THE TASK: Show, in full, each line of the data that contains "Front".

Short web captions
· · · · ·

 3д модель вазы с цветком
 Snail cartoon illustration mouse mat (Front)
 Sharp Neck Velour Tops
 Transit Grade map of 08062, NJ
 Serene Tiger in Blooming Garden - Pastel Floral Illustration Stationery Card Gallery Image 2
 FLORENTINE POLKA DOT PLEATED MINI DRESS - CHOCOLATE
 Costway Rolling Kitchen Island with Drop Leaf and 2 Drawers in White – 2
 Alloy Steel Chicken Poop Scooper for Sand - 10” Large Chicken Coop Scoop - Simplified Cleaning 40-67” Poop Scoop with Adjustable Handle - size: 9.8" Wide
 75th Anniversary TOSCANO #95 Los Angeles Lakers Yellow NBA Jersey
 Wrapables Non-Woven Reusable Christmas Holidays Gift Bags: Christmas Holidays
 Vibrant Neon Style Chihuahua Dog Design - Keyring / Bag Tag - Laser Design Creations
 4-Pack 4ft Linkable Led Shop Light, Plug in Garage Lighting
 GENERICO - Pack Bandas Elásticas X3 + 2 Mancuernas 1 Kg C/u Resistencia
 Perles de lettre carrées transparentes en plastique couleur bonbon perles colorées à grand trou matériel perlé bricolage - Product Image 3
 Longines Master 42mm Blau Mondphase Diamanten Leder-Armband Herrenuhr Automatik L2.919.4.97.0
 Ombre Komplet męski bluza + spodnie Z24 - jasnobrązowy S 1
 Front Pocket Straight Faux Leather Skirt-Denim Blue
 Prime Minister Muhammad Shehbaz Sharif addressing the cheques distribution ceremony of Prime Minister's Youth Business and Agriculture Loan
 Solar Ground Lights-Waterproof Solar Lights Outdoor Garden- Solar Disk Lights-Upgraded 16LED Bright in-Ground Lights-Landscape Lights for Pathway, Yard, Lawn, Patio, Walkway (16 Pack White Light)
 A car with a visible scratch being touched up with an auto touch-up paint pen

· · · · ·

ANSWER TO THIS EXERCISE:
 Snail cartoon illustration mouse mat (Front)
 Front Pocket Straight Faux Leather Skirt-Denim Blue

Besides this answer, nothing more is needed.